There's a FreeBSD recommendation to use /boot/loader.conf for `nvidia` (with the latest driver for NVIDIA).

Is this use of loader.conf appropriate (with FreeBSD 13.0-RELEASE), or somewhat archaic? 

loader.conf(5)


----------



## Menelkir (Dec 3, 2021)

AFAIK, you should use kld_list="nvidia-modeset" on rc.conf instead.
Also, you can use /boot/loader.conf.local instead of /boot/loader.conf, so you can make the .local yours and let the loader.conf alone.


----------



## grahamperrin@ (Dec 3, 2021)

Menelkir said:


> AFAIK, you should use … rc.conf instead. …



+1 to rc.conf(5) instead.

Re: `nvidia-modeset` ▶ <https://forums.freebsd.org/posts/544929>


----------



## grahamperrin@ (Dec 3, 2021)

On one hand, <https://http.download.nvidia.com/XFree86/FreeBSD-x86_64/470.86/README/installdriver.html> (Chapter 3) for 470.86 (the latest production branch) states:



> … your /boot/loader.conf file will be updated to automatically load the NVIDIA kernel module on boot, as well as the Linux ABI compatibility module should you not have it compiled into your kernel.



On the other hand, <https://forums.freebsd.org/posts/524703> for NVIDIA Quadro K1100M (GK107GLM) recalls that things were "better" with `nvidia-modeset_load` set to *no* in /boot/loader.conf

so I question the sanity of NVIDIA's Chatper 3.


----------



## Menelkir (Dec 3, 2021)

The nvidia page probably wasn't updated properly.


----------



## SirDice (Dec 3, 2021)

The installer from NVidia itself installs a whole bunch of useless entries in loader.conf.

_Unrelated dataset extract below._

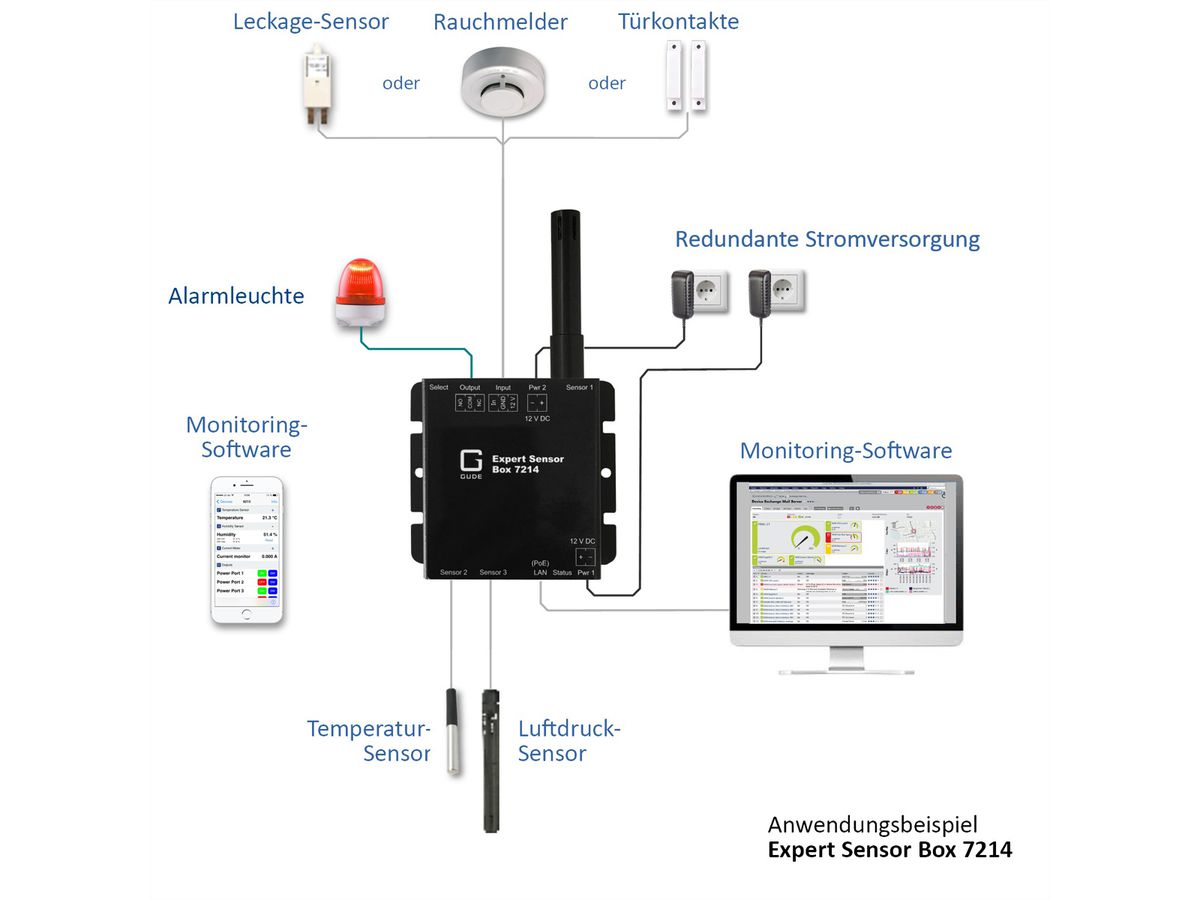 GUDE 72143 Expert LAN-Sensor für Temperatur, Luftfeuchte, Luftdruck und I/O-Monitoring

Use the port/package: x11/nvidia-driver. It has the proper procedure in its pkg-message.


----------



## Alain De Vos (Dec 3, 2021)

Two thoughts. The nvidia driver fom the nvidia site might be unknown to the freebsd package manager pkg, as such uninstall might be problematic.
Also to remove entries from loader.conf you sometimes have to boot into single user mode which is an annoyance.


----------



## grahamperrin@ (Dec 4, 2021)

SirDice said:


> the proper procedure in its pkg-message.



I think not ▶ <https://forums.freebsd.org/posts/544936> …


----------